Chapter 2 Decision-Making: Normative Models and Anomalies Flashcards
Decisions under certainty
– decisions where no probabilities are involved regarding the consequences of alternatives
Decision under uncertainty (Risky/ambiguous =mehrdeutig)
– decisions where the consequences of alternatives do only occur with some probability
Risky decisions: probabilities of consequences of alternatives are known
ambiguous decisions: probabilities of consequences of alternatives are only vaguely known
– ambiguity effect: decision-makers prefer risky decisions to ambiguous decisions
Ellsbergparadox
decision-makers behave inconsistently between two formulations of the decision situation that have mathematically identical possible gains but differ in ambiguity. Demonstrates the ambiguity effect
Beispiele:
An urn contains 30 red balls and a total of 60 other balls that are either black or yellow.
First game:
1(a) If a red ball is drawn from the urn, the participant wins.
1(b) If a black ball is drawn from the urn, the participant wins.
Second game:
2(a) If a red or yellow ball is drawn, the participant wins.
2(b) If a black or yellow ball is drawn, the participant wins.
Most players inconsistently choose 1(a) but 2(b)
St. Petersburgparadox
illustrates that decision-makers do not base decisions on expected value
Subjective expected utility theory (SEU)
Besonders subjektiv. St. Petersburgparadoxon bezieht sich darauf, dass nicht die mathematisch sinnvollste Alternative gewählt wird, sondern die subjektive.

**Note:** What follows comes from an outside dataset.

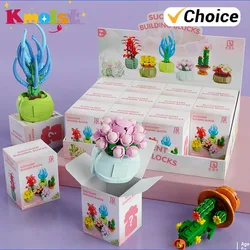 Caja sorpresa bloques de construcción con flores suculentas educativos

– subjective expected utility = sum of products of subjective probabilities and subjective utility of consequences
– choose option with highest subjective expected utility
Normative decision models
– specify how an (idealised) individual should make optimal decisions
Prescriptive decision models
– use decision theory to offer step-by-step suggestions on how to proceed in a decision situation in order to make an optimal decision
Descriptive decision models
– describe how individuals actually make decisions
Economic games
empirical study of correspondence between theoretical predictions of normative theories and actual behaviour
Ultimatum game
– decision-makers have to divide a good between themselves and another Person
– if the other person rejects the proposed division, both leave empty-handed
• Game-theoretic prediction
– A gives minimum positive amount possible
– B accepts because any positive amount is better than Zero
• Empirical findings
– higher offers than minimum are made
– variations occur, but even in very different societies, gametheoretic prediction is not supported
Dictator Game
– decision-makers have to divide a good between themselves and another person
– the other person has to accept the proposed division
• Game-theoretic prediction
– A gives nothing
Empirical findings
– many people give something to the other person; on average, 28% of the amount
Prisoner’s dilemma
– two decision-makers independently have to decide between cooperation and defection
– while from an individual perspective defection(Überlauf->Geständnis) is the rational solution, the overall outcome is better if both cooperate
• Game-theoretic prediction
– both players defect
• Empirical findings
– many people cooperate, trusting that the other person will also cooperate
Backward induction
– analysis of repeated decision problems
– starts from considering rational solution in last round
– from that solution, rational solution in previous round can be derived, and so on
Decision anomalies
Result from: – information processing (Speziell: misunderstanding from potential growth) – emotions – time – heuristics
Monty Hall Dilemma
– decision-makers have to decide whether to revise a previous decision when presented with additional information
– demonstrates that people have difficulties understanding probabilities
• Maximization strategy
– switch
• Empirical findings – very few people switch from their first choice – explanations: • misunderstanding of probabilities • regret
Emotions
Feeling and anticipated emotions are relevant for the decisions
Affective forecasting
– prediction of emotional reactions to future events
• Four components(Wilson & Gilbert, 2003) – Valence (Wertigkeit) – specific emotions – intensity – duration
Impact bias:
– duration and intensity of emotional reactions to future events often overestimated
projection bias:
tendency to assume that one’s future feelings and preferences will be similar to the current feelings and preferences
Delayed gratifications ( Time)
– people have trouble deferring rewards, even when future reward is significantly larger than present reward
– “Marshmallow experiments” (Mischel, 1974)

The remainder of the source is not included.